[REQUIRED WORK] Whenever the word "Toddler" appears in a line of the data below, copy that line.

+++ INFORMATION GIVEN

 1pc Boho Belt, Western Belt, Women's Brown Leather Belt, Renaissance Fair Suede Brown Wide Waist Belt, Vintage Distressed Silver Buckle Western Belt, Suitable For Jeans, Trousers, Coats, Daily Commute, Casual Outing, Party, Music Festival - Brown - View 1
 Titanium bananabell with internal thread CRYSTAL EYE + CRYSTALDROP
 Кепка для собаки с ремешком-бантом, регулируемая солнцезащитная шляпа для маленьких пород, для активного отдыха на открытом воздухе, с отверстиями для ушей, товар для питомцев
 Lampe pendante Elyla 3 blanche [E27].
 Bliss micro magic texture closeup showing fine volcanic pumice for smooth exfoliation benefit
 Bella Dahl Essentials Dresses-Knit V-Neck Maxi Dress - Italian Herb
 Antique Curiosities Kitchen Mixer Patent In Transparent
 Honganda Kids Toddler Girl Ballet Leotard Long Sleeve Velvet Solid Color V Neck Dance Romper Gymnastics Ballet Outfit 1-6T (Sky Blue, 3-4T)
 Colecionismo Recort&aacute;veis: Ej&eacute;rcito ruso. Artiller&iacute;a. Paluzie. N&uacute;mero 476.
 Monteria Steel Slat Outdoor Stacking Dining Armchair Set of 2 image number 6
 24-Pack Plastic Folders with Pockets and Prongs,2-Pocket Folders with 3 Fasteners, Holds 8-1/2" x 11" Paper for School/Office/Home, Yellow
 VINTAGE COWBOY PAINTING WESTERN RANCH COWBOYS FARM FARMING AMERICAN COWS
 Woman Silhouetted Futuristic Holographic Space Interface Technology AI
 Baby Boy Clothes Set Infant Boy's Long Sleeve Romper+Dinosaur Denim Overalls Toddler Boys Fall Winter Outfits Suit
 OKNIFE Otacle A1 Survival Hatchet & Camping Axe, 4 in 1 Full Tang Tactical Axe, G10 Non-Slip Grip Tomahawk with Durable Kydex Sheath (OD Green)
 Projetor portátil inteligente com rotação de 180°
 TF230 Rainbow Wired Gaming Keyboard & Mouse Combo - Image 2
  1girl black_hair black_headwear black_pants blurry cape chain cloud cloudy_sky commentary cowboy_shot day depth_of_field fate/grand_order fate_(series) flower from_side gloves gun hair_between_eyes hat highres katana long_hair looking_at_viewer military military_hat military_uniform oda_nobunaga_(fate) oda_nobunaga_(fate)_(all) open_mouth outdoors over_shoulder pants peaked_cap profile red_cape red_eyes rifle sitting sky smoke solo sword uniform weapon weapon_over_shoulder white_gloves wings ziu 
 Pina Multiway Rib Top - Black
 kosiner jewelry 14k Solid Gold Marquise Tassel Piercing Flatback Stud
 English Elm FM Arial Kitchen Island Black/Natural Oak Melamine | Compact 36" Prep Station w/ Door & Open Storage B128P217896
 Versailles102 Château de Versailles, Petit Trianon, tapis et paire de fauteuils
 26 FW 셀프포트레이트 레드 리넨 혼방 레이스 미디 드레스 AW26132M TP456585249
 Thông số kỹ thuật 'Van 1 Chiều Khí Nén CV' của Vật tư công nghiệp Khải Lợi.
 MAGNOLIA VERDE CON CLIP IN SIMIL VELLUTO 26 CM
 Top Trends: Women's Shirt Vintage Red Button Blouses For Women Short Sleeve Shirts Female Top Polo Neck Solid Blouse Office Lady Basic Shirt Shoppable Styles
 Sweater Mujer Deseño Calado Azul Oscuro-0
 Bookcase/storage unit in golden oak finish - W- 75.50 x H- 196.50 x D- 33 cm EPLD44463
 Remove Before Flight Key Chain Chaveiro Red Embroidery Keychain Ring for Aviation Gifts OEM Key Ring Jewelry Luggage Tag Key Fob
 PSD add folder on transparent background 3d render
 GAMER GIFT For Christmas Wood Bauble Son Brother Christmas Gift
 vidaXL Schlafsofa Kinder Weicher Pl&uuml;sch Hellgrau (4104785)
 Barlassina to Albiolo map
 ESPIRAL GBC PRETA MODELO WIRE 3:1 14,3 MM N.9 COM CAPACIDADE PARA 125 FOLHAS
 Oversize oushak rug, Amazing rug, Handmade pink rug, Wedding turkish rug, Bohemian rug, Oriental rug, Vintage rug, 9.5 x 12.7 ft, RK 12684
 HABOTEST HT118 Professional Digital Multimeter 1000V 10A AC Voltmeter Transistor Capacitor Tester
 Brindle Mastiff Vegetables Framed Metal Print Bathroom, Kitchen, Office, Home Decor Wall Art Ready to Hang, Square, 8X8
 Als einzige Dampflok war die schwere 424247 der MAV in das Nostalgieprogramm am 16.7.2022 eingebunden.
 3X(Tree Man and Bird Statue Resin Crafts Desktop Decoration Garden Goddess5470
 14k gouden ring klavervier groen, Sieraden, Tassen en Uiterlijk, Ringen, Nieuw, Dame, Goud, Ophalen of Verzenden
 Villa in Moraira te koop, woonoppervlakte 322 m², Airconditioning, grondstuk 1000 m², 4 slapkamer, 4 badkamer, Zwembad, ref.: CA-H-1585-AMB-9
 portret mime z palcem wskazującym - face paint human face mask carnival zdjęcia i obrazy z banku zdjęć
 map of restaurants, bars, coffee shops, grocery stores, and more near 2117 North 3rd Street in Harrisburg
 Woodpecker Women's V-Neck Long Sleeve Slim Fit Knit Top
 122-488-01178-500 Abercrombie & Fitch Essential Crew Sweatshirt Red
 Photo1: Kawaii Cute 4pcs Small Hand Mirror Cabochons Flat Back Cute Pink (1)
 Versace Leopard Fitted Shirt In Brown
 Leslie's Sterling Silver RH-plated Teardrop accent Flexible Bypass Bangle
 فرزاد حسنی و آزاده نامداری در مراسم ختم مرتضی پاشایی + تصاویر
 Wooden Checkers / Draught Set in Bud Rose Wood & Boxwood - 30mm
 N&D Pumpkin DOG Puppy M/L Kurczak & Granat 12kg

++++++

[SOLUTION FOR THIS TASK]
 Honganda Kids Toddler Girl Ballet Leotard Long Sleeve Velvet Solid Color V Neck Dance Romper Gymnastics Ballet Outfit 1-6T (Sky Blue, 3-4T)
 Baby Boy Clothes Set Infant Boy's Long Sleeve Romper+Dinosaur Denim Overalls Toddler Boys Fall Winter Outfits Suit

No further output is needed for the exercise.